A medida que comienzas tu caminata, las calles cambian del silencio de los terrenos de la iglesia a las animadas calles de Juhu Tara Road. Aquí, los sonidos de los coches tocando la bocina y el murmullo de los locales llenan tus oídos. Pasarás por callejones estrechos llenos de tiendas vibrantes, donde el aroma de las flores frescas compite con las especias sabrosas de los restaurantes cercanos. Continuando hacia Santacruz, el terreno se aplana, y notarás una mezcla de edificios residenciales y pequeños negocios. La luz cambia a medida que te mueves de las áreas sombreadas cerca de la iglesia a las calles soleadas donde se reúnen las familias.
Presta atención a los adoquines irregulares a lo largo de algunos tramos, que pueden ser difíciles de navegar, especialmente si no estás mirando tus pasos. El tráfico puede ser abrumador a veces, así que ten cuidado al cruzar las calles. Podrías encontrarte con algunos vendedores tratando de captar tu atención, ofreciendo desde bocadillos hasta baratijas, así que es prudente mantener tus pertenencias seguras y estar consciente de tu entorno.

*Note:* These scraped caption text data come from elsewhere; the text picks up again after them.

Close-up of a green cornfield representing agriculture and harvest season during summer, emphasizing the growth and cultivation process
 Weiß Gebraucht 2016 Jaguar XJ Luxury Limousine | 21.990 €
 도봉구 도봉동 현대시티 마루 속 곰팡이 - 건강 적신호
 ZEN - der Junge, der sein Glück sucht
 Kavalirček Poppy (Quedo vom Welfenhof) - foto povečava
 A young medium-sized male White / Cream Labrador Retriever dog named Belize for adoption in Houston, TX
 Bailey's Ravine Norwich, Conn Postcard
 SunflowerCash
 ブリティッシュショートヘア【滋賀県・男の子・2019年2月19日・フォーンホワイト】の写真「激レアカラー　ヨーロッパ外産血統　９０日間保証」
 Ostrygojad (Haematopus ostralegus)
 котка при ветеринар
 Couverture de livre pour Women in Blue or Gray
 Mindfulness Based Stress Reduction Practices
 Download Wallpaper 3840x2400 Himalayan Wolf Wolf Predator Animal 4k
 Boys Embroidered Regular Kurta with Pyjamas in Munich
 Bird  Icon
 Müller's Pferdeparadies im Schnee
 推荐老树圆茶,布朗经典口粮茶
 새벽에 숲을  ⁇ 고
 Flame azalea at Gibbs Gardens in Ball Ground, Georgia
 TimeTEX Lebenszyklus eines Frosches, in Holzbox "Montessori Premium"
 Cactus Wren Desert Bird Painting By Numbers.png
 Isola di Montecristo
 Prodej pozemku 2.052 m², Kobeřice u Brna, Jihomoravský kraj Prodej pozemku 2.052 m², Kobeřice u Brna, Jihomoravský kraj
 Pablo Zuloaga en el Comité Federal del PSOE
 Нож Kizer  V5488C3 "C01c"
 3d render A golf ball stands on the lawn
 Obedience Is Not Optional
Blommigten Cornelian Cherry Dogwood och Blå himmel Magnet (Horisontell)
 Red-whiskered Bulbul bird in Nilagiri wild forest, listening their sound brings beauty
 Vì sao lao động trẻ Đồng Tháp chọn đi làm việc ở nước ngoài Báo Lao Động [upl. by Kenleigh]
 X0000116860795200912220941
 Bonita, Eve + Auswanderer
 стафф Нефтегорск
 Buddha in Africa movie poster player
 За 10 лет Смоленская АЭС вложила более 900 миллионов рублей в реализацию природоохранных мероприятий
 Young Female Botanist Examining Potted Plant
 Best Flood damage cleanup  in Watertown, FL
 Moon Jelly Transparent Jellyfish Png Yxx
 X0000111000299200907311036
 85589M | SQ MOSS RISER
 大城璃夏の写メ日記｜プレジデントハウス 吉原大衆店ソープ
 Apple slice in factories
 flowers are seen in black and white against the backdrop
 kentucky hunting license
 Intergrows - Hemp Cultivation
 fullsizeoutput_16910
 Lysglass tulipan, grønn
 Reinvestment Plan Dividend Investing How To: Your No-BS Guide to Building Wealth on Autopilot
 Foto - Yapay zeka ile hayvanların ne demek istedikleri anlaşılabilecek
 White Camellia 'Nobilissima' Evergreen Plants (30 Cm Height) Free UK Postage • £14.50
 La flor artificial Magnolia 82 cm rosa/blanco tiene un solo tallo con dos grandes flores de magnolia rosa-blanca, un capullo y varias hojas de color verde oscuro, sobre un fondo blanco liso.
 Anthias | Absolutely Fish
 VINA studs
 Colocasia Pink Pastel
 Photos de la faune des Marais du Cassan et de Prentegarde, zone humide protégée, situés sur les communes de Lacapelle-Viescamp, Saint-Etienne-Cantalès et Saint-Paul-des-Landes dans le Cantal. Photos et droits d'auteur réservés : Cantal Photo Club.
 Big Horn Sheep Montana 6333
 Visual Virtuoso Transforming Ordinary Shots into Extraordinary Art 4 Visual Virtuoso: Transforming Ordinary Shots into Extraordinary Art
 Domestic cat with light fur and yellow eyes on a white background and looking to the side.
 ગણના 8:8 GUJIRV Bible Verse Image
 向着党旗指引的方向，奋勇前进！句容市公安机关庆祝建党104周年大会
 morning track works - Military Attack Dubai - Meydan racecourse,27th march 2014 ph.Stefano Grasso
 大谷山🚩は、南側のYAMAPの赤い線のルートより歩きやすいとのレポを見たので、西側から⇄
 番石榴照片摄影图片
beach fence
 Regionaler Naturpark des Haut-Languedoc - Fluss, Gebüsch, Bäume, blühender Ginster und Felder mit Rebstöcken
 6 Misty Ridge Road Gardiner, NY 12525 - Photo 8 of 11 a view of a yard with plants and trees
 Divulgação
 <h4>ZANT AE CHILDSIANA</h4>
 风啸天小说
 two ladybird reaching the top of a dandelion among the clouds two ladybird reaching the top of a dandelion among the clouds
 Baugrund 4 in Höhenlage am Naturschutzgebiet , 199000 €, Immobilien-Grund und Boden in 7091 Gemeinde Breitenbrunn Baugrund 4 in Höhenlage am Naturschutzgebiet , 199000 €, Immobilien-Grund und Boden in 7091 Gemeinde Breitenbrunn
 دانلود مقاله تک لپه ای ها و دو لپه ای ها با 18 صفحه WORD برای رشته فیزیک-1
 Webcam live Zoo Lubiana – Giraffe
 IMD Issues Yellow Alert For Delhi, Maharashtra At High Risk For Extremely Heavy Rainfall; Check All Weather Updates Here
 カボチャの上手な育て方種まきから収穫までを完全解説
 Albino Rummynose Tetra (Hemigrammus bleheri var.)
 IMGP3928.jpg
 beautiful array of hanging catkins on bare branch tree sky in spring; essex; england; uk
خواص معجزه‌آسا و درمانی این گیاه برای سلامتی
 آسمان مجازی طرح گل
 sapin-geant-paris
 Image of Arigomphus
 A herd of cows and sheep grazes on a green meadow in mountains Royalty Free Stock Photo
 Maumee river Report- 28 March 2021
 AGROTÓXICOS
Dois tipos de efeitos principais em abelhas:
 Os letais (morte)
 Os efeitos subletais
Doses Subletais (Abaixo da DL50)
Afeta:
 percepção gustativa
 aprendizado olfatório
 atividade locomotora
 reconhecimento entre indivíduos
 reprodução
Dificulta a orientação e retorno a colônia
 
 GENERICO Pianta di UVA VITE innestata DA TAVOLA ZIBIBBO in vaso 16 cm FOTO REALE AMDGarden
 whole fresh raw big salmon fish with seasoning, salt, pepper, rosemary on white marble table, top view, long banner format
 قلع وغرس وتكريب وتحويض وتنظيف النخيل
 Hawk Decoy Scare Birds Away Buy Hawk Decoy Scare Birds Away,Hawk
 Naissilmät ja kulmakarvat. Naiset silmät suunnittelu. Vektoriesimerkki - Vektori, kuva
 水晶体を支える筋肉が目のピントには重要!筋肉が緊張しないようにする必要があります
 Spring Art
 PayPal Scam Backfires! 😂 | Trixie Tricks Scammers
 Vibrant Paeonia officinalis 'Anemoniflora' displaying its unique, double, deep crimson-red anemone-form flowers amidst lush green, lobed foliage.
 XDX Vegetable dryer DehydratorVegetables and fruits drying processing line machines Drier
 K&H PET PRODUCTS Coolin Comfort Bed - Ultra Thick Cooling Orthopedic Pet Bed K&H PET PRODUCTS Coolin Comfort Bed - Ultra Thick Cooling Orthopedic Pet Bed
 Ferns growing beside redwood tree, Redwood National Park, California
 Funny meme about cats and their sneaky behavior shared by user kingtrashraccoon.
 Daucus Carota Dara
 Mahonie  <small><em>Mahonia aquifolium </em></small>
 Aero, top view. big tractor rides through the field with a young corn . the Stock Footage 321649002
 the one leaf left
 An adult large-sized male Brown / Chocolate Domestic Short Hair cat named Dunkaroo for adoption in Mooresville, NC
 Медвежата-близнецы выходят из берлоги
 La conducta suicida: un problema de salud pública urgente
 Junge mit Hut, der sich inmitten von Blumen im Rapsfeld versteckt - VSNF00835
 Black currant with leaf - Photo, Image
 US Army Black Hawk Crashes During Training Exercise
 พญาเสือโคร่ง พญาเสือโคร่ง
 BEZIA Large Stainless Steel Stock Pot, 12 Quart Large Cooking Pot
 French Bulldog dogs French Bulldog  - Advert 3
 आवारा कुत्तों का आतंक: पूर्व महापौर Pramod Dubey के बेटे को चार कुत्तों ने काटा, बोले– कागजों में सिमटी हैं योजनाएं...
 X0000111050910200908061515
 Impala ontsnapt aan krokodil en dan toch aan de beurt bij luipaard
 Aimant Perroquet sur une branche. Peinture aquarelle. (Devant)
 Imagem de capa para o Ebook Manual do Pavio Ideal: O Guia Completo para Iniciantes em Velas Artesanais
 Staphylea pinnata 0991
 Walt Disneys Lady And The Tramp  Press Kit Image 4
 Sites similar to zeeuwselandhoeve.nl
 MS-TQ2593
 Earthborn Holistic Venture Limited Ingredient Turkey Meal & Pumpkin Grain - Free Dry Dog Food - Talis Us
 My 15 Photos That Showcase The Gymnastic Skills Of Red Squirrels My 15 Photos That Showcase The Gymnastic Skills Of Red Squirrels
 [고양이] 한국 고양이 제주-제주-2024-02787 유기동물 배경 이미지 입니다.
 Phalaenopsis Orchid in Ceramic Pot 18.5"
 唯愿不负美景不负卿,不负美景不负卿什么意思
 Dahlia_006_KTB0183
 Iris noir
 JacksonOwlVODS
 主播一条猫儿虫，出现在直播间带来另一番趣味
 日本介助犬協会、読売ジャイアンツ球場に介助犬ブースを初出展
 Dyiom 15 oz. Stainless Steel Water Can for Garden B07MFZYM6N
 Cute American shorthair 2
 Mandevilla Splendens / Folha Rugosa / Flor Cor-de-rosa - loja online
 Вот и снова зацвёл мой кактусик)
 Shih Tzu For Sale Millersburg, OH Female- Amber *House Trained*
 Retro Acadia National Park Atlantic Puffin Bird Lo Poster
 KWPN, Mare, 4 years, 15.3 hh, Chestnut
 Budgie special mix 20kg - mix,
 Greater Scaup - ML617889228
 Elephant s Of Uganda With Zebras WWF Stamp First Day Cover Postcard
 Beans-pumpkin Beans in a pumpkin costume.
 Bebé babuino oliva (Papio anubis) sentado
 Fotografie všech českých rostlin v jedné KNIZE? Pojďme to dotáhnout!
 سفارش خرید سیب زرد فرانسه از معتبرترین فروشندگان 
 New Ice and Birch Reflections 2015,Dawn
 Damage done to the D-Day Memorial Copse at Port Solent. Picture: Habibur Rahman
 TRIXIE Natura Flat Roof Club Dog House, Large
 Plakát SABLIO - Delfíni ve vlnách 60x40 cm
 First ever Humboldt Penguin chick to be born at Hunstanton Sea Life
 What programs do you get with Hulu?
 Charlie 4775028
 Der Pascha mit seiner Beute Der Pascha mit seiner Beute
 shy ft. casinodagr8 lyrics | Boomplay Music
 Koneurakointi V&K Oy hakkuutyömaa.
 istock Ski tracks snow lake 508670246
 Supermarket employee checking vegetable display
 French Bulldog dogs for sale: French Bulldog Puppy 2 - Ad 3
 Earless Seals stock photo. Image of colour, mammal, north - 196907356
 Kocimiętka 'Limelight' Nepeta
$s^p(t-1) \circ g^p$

Para esta caminata, usa zapatos cómodos; el terreno puede ser irregular, y querrás sentirte a gusto. Lleva una botella de agua para mantenerte hidratado, especialmente si caminas durante las partes más cálidas del día. Dependiendo de la temporada, considera una chaqueta ligera para las noches más frescas o protector solar para las tardes soleadas. Esta ruta se disfruta mejor por la mañana temprano o por la tarde, cuando el sol no es tan intenso.
El mejor momento de esta caminata llega cuando te acercas a la Iglesia Sagrado Corazón justo antes del atardecer. La luz dorada proyecta un cálido resplandor sobre la fachada de la iglesia, y puedes escuchar los sonidos distantes de las oraciones vespertinas flotando en el aire. El olor a jazmín fresco de los vendedores cercanos crea un recuerdo sensorial que perdura mucho después de que te vayas.